Abelson murine leukemia virus

Virus classification
- (unranked): Virus
- Realm: Riboviria
- Kingdom: Pararnavirae
- Phylum: Artverviricota
- Class: Revtraviricetes
- Order: Ortervirales
- Family: Retroviridae
- Genus: Gammaretrovirus
- Species: Murine leukemia virus
- Virus: Abelson murine leukemia virus

= Abelson murine leukemia virus =

Retrovirus

The Abelson murine leukemia virus (Ab-MLV or A-MuLV) is a retrovirus (Class VI) used to induce malignant transformation of murine lymphoid cells. As a retrovirus, it has a single-stranded, positive sense RNA genome which replicates via a DNA intermediate mediated by a reverse transcriptase. The Abelson murine leukemia virus is named for the American pediatrician Herbert T. Abelson, who together with Louise S Rabstein, first described and isolated it.
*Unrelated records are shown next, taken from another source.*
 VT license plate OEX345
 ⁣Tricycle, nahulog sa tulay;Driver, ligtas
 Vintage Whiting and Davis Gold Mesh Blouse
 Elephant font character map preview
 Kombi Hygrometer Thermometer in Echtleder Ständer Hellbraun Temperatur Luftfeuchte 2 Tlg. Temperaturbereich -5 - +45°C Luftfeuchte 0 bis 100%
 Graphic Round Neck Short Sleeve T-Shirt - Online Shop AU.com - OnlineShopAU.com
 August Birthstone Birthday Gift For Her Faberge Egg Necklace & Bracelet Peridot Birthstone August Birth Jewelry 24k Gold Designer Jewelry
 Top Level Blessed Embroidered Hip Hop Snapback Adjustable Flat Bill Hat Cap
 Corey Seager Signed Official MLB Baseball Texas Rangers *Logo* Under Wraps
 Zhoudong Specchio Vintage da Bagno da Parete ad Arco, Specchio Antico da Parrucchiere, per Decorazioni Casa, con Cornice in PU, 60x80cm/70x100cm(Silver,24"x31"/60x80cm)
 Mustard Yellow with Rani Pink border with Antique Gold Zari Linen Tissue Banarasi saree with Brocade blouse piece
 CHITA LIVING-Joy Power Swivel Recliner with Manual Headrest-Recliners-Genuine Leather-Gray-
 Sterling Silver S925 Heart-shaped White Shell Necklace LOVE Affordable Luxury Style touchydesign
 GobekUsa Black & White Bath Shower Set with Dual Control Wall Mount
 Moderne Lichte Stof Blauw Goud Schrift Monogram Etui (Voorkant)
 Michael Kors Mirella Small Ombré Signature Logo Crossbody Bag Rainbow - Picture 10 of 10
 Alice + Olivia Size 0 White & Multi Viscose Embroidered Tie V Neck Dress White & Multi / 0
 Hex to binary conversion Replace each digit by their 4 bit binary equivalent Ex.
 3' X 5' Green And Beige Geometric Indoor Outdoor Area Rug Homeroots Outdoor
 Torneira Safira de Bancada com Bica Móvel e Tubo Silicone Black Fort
A-MuLV causes a rapidly progressive lymphosarcoma known as Abelson disease in mice, which is a type of leukemia that does not involve the thymus. However, this is only possible when the host cell is co-infected with a helper virus which provides functions it needs to be able to replicate which it does not code for in its own genome such as a reverse transcriptase and some major structural proteins. As such, A-MuLV can be described as a dependovirus. A highly efficient helper virus commonly used when growing A-MuLV in vitro is Moloney murine leukemia virus (M-MuLV). It causes leukemia directly by interfering with the normal growth and differentiation processes of lymphocytes. It can infect B-cells which was shown by the fact that some tumor cells can be seen to have immunoglobulins (Ig) on their surface although most tumor cells do not have characteristic receptors on their surface indicating that they are undifferentiated cells. In vitro studies have shown that lymphocyte infection produces tumor cell populations comprising three types of cells: stable productive cells, non-productive cells and cells which produced defective virus particles which are not infective.